- _Provided records_
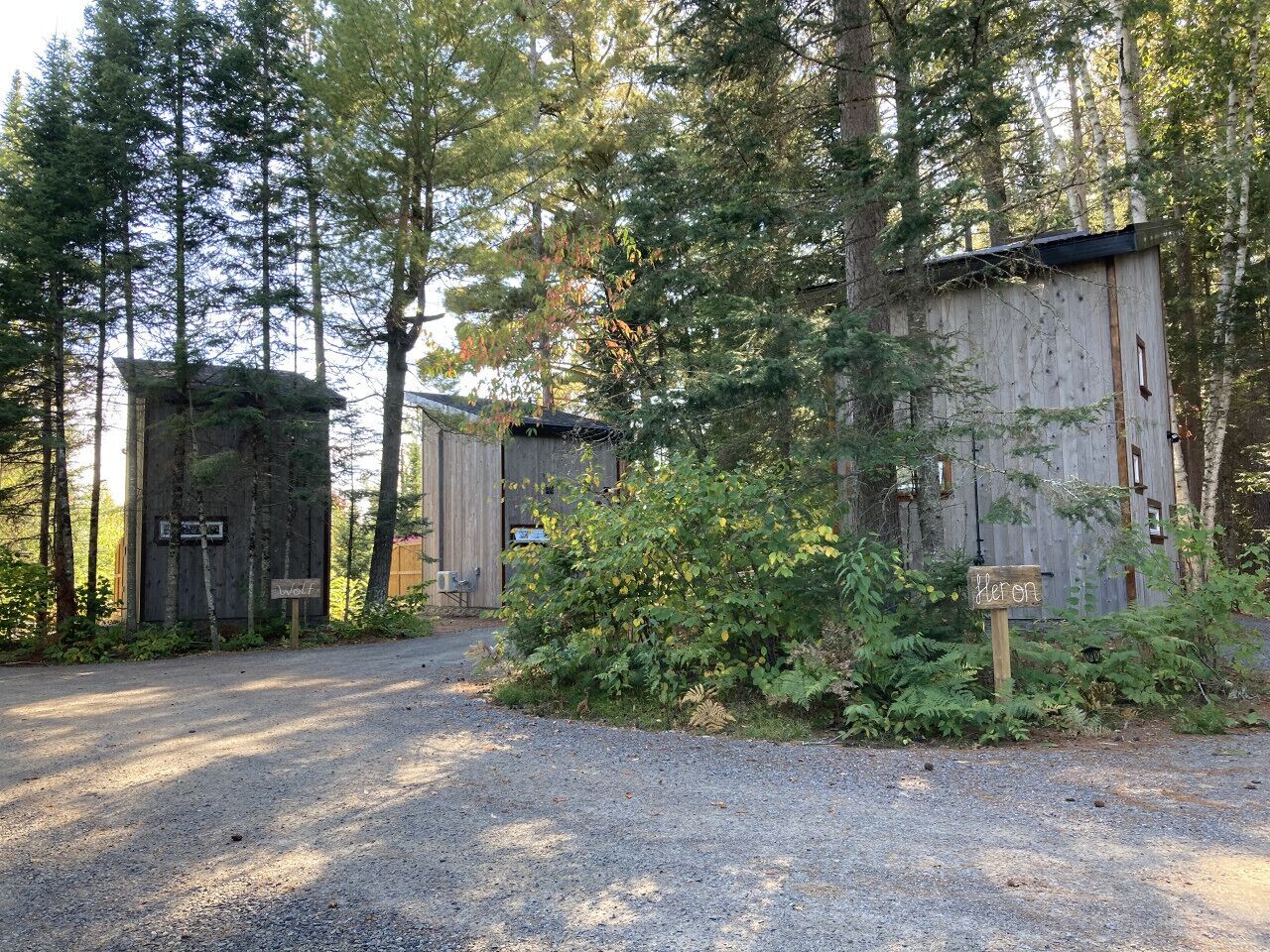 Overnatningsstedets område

--

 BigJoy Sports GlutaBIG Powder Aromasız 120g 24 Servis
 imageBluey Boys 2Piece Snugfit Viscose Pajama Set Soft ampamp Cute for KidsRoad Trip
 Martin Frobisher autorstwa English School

- _Work instruction_
Only the lines above from the line containing "BigJoy Sports GlutaBIG" through the line containing "Martin Frobisher autorstwa English School" should be retyped, exactly and with both ends included.

- _Response to this exercise_
 BigJoy Sports GlutaBIG Powder Aromasız 120g 24 Servis
 imageBluey Boys 2Piece Snugfit Viscose Pajama Set Soft ampamp Cute for KidsRoad Trip
 Martin Frobisher autorstwa English School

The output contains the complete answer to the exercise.